Will this be the fate too of roads and rails planned to link this landlocked region with South and Southeast Asia?

Rains Submerge Infrastructure in India’s Northeast

Derailed trains by the floods at Haflong railway station, Assam, India, May 2022.

Credit: Samsul Alam

While a vast part of India continues to sizzle under excessive heat, the country’s northeast has been devastated by floods and landslides again, with as many as five states being adversely impacted due to incessant rains for the past two weeks.

Assam has been the worst affected with at least nine people dead and nearly 0.7 million people affected across 27 districts in the state.  Around 48,000 people who were compelled to leave their homes have been shifted to 248 relief camps established by the government.

The hill district of Dima Hasao and Cachar in the southern part of the state are the worst-affected with massive landslides at several locations that have completely ruptured the rail network.  The deluge has derailed trains at Haflong railway station and tunnels through the hills are under water.
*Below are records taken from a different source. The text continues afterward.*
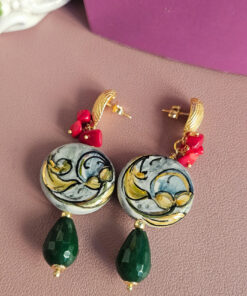 Alternative view of Orecchini Siciliani con Ceramica di Caltagirone, Corallo Bambù  e Agata Verde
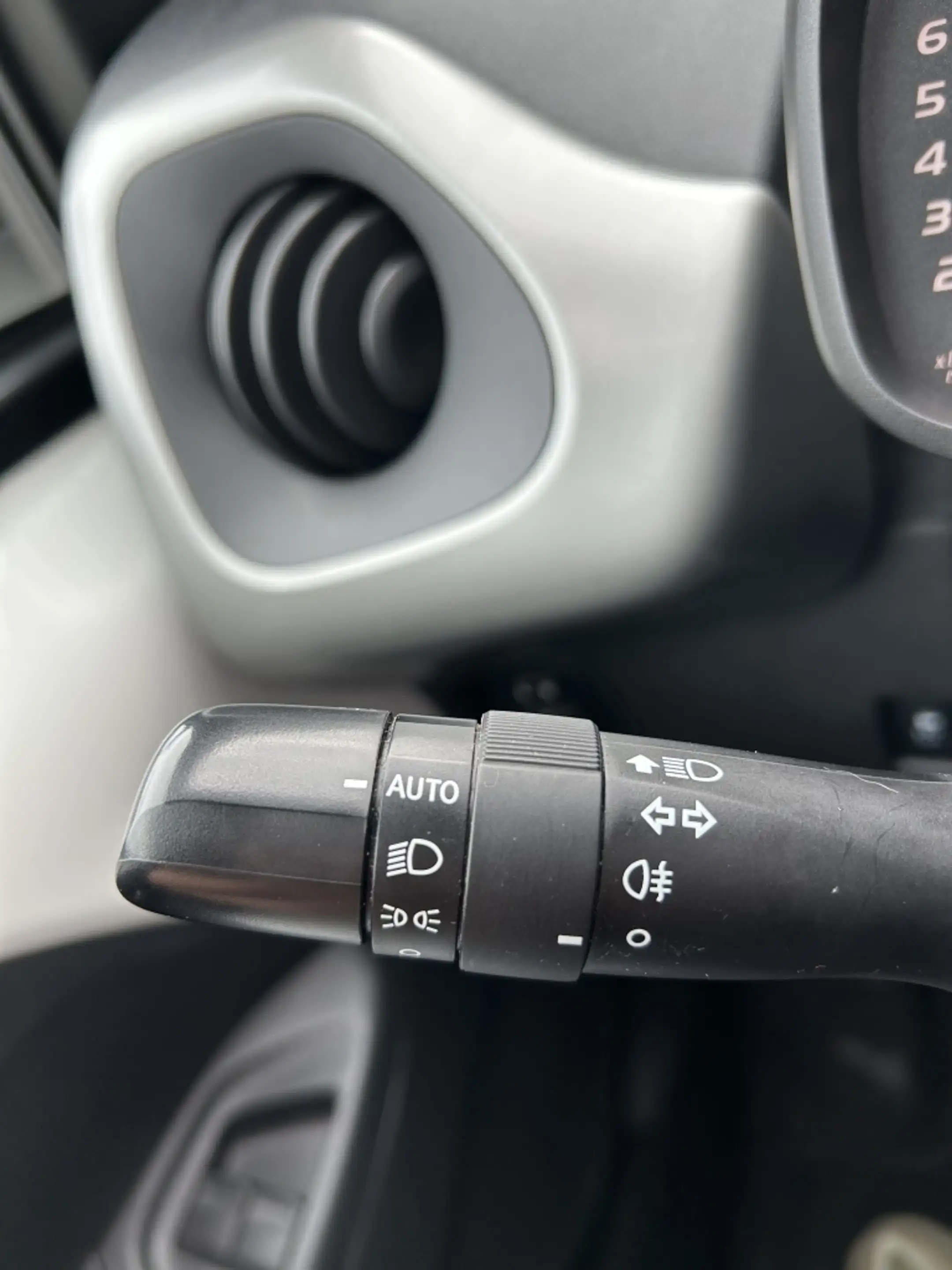 Citroen C1 1.0 VTi 68PK ETG 5D Airscape AIRSCAPE SHINE — photo 23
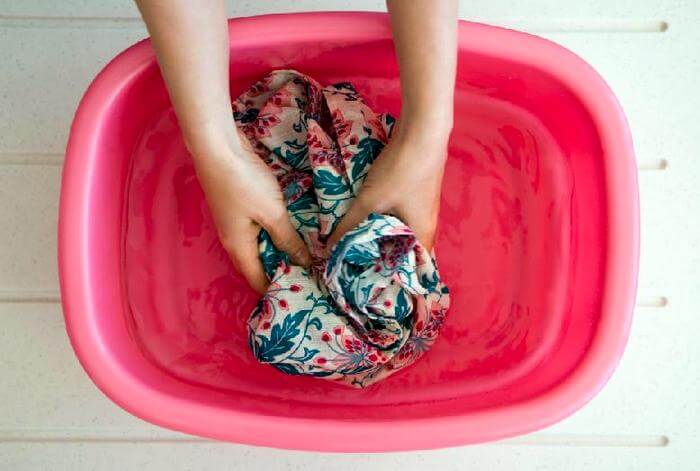 Як правильно прати штори для ванної кімнати: в пральній машині і в ручну, видалення жовтих плям і цвілі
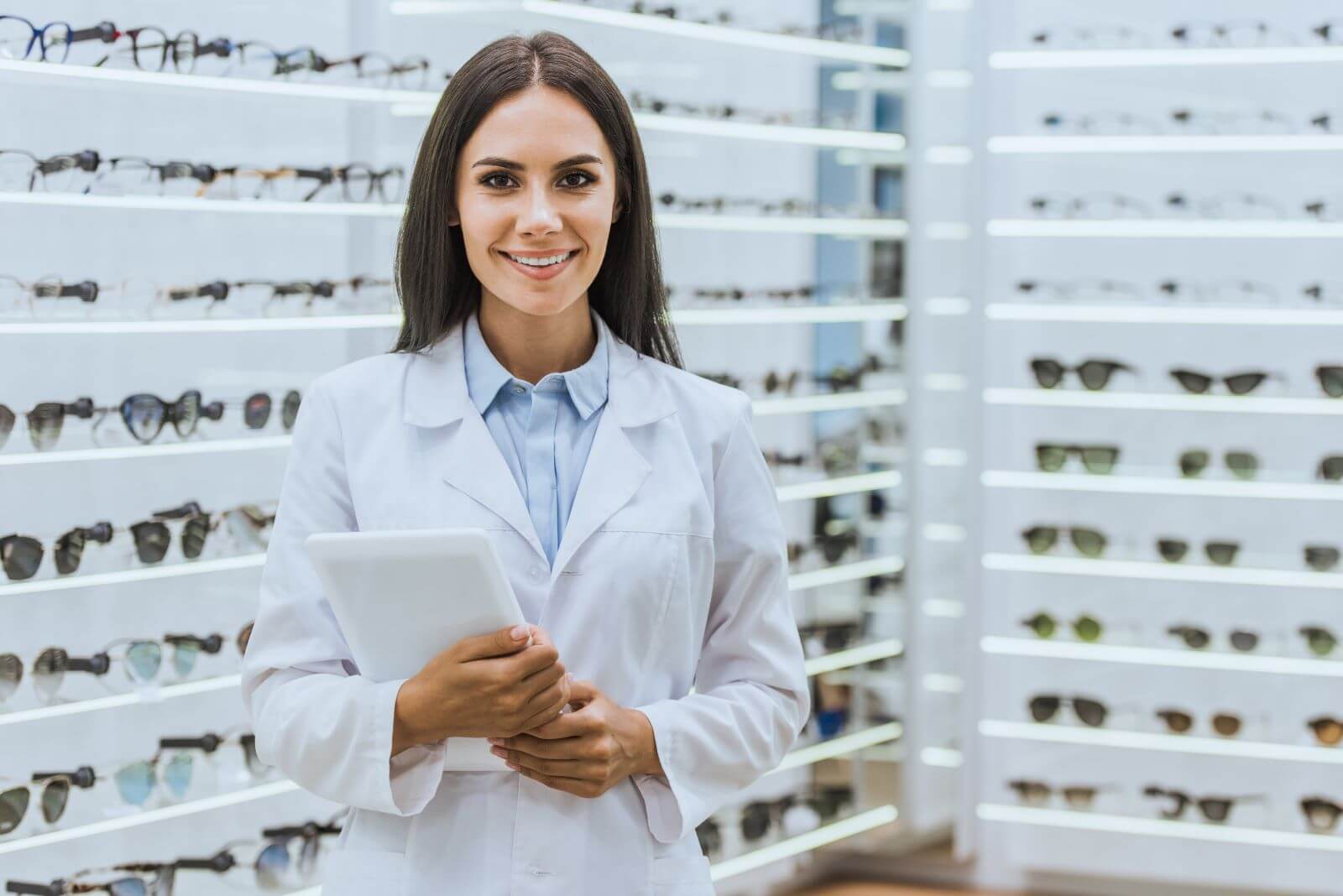 Optiker/in Ausbildung, Beruf und Gehalt MediKarriere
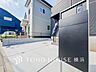 その他：スタイリッシュな外観に見合う、オシャレな郵便受け。毎朝新聞を受け取るのも楽しみになりそう。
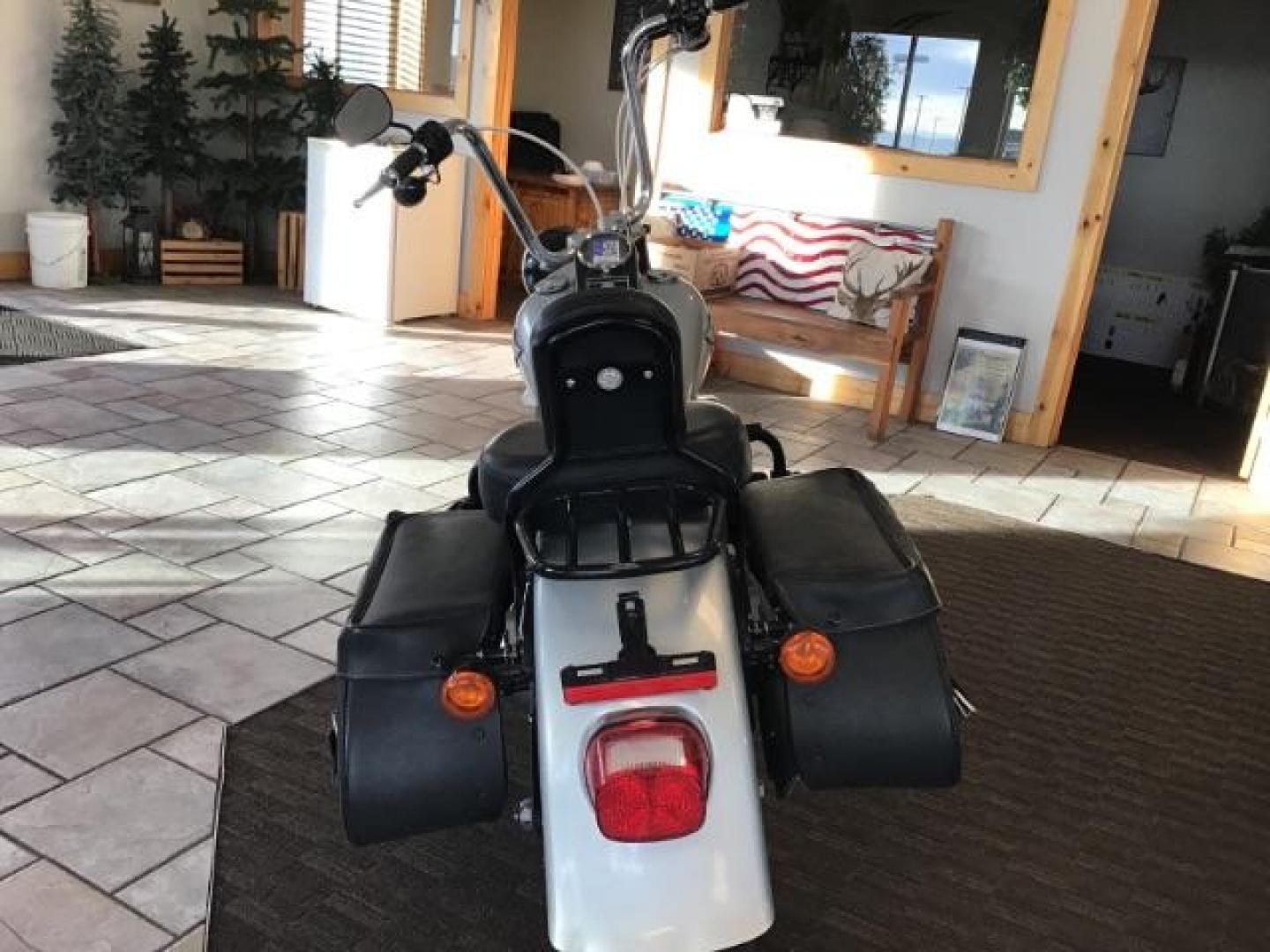 2012 SILVER Harley-Davidson FLSTFB - (1HD1JNV11CB) with an 1690CC engine, MANUAL transmission, located at 1235 N Woodruff Ave., Idaho Falls, 83401, (208) 523-1053, 43.507172, -112.000488 - Photo#2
The railways have stated in a report that the landslides across the Lumding – Badarpur hill section at Dima Hasao has completely disrupted rail communication with the border states of Tripura, Manipur and Mizoram since May 14.

The worsening situation prompted the government to deploy the Indian Army and Assam Rifles to carry out rescue operations in Cachar.

An official said that the Tripura government has prepared a contingency plan for supply of essential items by road from Assam as restoration of the railway network that has been thrown out of gear by landslides in the neighboring state will take at least two months.

Landslides have wreaked havoc in Arunachal Pradesh and Meghalaya as well, snapping road links in many areas. Rivers in Manipur were reported to have risen to touch the danger level. Several districts in the state are submerged under water.

Normal flow of traffic has been disrupted across Assam due to waterlogging.

On May 9, the Indian Meteorological Department warned that the cyclonic storm Asani could result in widespread pre-monsoon showers with thunderstorms, lightning and gusty winds in several states of the northeast.

Weather experts told the media that the moisture incursion from the Bay of Bengal due to strong lower-level southerly and south-westerly winds have caused the abnormally high rainfall over the past several days.

Although flooding is a recurring phenomenon in the country’s Northeast and especially in Assam, the destruction witnessed in Dima Hasao is unprecedented. It was only seven years ago that the railways had completed the project to connect the hill district with the rest of the country through a broad gauge network. The network erected during the colonial regime was then abandoned.

In 2010, an audit by the government drew attention to the faulty construction undertaken by the railways in Dima Hasao. It pinned the blame on “unreliable soil strata” and the “trial and error” approach adopted for the project, which also resulted in an unproductive expenditure of around $116 million.

As it appears, the railways did not pay attention to the report.

The current condition of the rail network in the hill district and the impact of floods in the border states are stark reflections of the manner in which some vital projects are implemented in the country. It also points yet again to the government’s lack of preparedness to tackle such calamities.

India’s Northeast is envisaged as a “new growth engine” and a bridge between South and Southeast Asia. Projects have been planned to link the landlocked region with the neighboring countries of Bangladesh and Myanmar.

The ongoing floods is a grim reminder of the erratic rainfall pattern that the Northeast has undergone over the past several years, which is also indicative of climate change similar to other parts of the country. The region has received less rainfall than normal in the recent past and the distribution pattern was noticed to be skewed.

What makes the situation more perilous in India’s Northeast is that it is also part of the Indo-Burma Biodiversity Hotspot that extends to parts of Southeast Asia.  India has a total of six such hotspots spread across different states.